I'm given a vector field
$$X = \left(\begin{array}{c} {\mathrm{e}}^y+y\,{\mathrm{e}}^x\\ {\mathrm{e}}^x+x\,{\mathrm{e}}^y\\ 1 \end{array}\right) \quad\text{with the curve} \quad \gamma(t) = \left(\begin{array}{c} \cos\left(t\right)\\ \sin\left(t\right)\\ t \end{array}\right)$$
Now the curve integral for $t \in[0,\pi]$ should be computed: $\int\langle X(\gamma(t)),\gamma'(t)\rangle\,\mathrm{dt}$:
$$\begin{align}\begin{array}\\ \\=\displaystyle{\int_0^{\pi}}\biggl\langle \left(\begin{array}{c} {\mathrm{e}}^{\sin\left(t\right)}+{\mathrm{e}}^{\cos\left(t\right)}\,\sin\left(t\right)\\ {\mathrm{e}}^{\cos\left(t\right)}+{\mathrm{e}}^{\sin\left(t\right)}\,\cos\left(t\right)\\ 1 \end{array}\right),\left(\begin{array}{c} -\sin\left(t\right)\\ \cos\left(t\right)\\ 1 \end{array}\right)\biggr\rangle\, \mathrm{dt} \\ \\= \int_0^{\pi}\cos\left(t\right)\,\left({\mathrm{e}}^{\cos\left(t\right)}+{\mathrm{e}}^{\sin\left(t\right)}\,\cos\left(t\right)\right)-\sin\left(t\right)\,\left({\mathrm{e}}^{\sin\left(t\right)}+{\mathrm{e}}^{\cos\left(t\right)}\,\sin\left(t\right)\right)+1 \\ \\ = \left[t+{\mathrm{e}}^{\cos\left(t\right)}\,\sin\left(t\right)+{\mathrm{e}}^{\sin\left(t\right)}\,\cos\left(t\right)\right]^\pi_0 = \pi-2\end{array}\end{align}$$
However, now I'm told to change the parameterization: $\gamma(t) = \gamma(g(t))$ where $g(t) = t^2$
To me, That means I need to sub $t$ with $t^2$ by what the integral changes: $ \\\int\langle X(\gamma(g(t))),\gamma'(g(t))\rangle\,\mathrm{dt}=$ $$\begin{align}\begin{array}{cc} \\ \displaystyle{\int_0^\pi}\biggl\langle\left(\begin{array}{cc} {\mathrm{e}}^{\sin\left(t^2\right)}+\sin\left(t^2\right)\,{\mathrm{e}}^{\cos\left(t^2\right)}\\ {\mathrm{e}}^{\cos\left(t^2\right)}+\cos\left(t^2\right)\,{\mathrm{e}}^{\sin\left(t^2\right)}\\ 1 \end{array}\right),\left(\begin{array}{cc} -\sin\left(t^2\right)\\ \cos\left(t^2\right)\\ 1 \end{array}\right)\biggr\rangle \\ \\ =\int_0^\pi\cos\left(t^2\right)\,\left({\mathrm{e}}^{\cos\left(t^2\right)}+\cos\left(t^2\right)\,{\mathrm{e}}^{\sin\left(t^2\right)}\right)-\sin\left(t^2\right)\,\left({\mathrm{e}}^{\sin\left(t^2\right)}+\sin\left(t^2\right)\,{\mathrm{e}}^{\cos\left(t^2\right)}\right)+1\end{array}\end{align}$$
But this integral seems definitely not computable.
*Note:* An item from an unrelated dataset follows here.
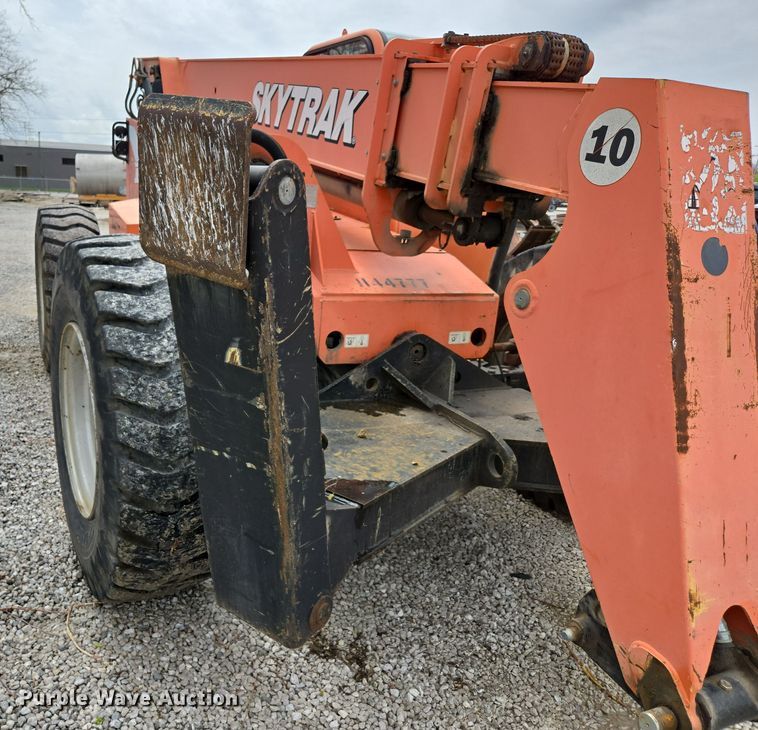image for item DP6288 2009 Skytrak 10042 telehandler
So I'm stuck right there...
Please note that $X = (e^y + y e^x, e^x + x e^y, 1)$ is a continuously differentiable vector field and its curl is zero -
$\nabla \times X = (0, 0, 0)$.
So the vector field is conservative and its potential function is,
$f = x e^y + y e^x + z$
In other words $X = \nabla f$
By Fundamental Theorem of Line Integrals,
$\displaystyle \int_C \nabla f \cdot dr = f(\vec r(b)) - f(\vec r(a))$
where $a$ is the starting point and $b$ is the end point.
Now for the first curve, starting point is $(1, 0, 0)$ and endpoint is $(-1, 0, \pi)$. So line integral is,
$ = (-1 \cdot e^0 + 0 \cdot e^{-1} + \pi) - (1 \cdot e^0 + 0 \cdot e^1 + 0)$
$= \pi - 2$.
You can similarly find for the second.